=== Information provided ===
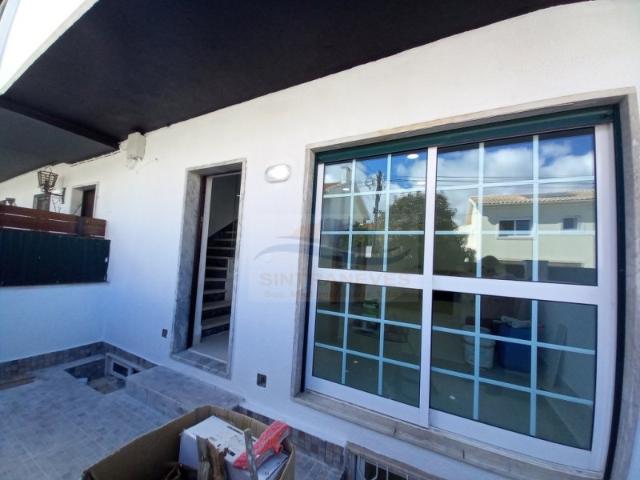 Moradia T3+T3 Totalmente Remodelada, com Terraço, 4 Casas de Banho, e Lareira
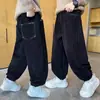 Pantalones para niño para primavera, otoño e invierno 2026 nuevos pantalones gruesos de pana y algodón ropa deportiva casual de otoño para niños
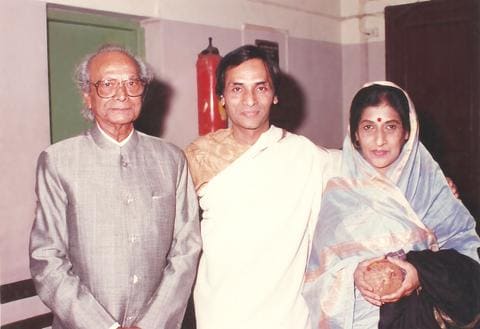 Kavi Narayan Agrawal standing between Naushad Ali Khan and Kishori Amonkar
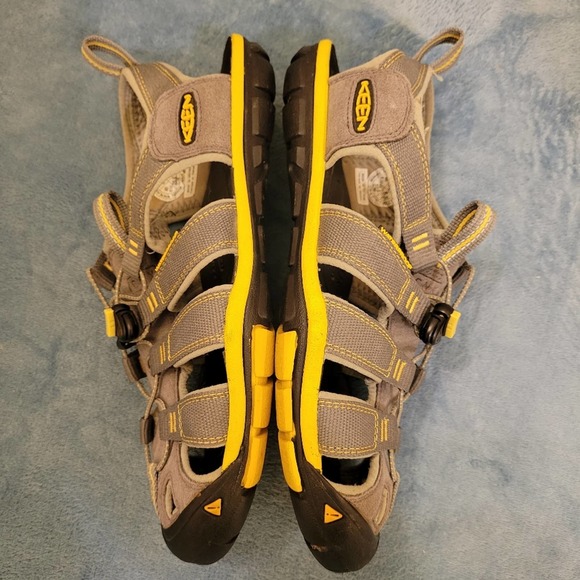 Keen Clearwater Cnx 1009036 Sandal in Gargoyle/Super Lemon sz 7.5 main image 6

=== Required action ===
Would you set down each line of the data exactly, with no images included?

=== Task solution ===
 Moradia T3+T3 Totalmente Remodelada, com Terraço, 4 Casas de Banho, e Lareira
 Pantalones para niño para primavera, otoño e invierno 2026 nuevos pantalones gruesos de pana y algodón ropa deportiva casual de otoño para niños
 Kavi Narayan Agrawal standing between Naushad Ali Khan and Kishori Amonkar
 Keen Clearwater Cnx 1009036 Sandal in Gargoyle/Super Lemon sz 7.5 main image 6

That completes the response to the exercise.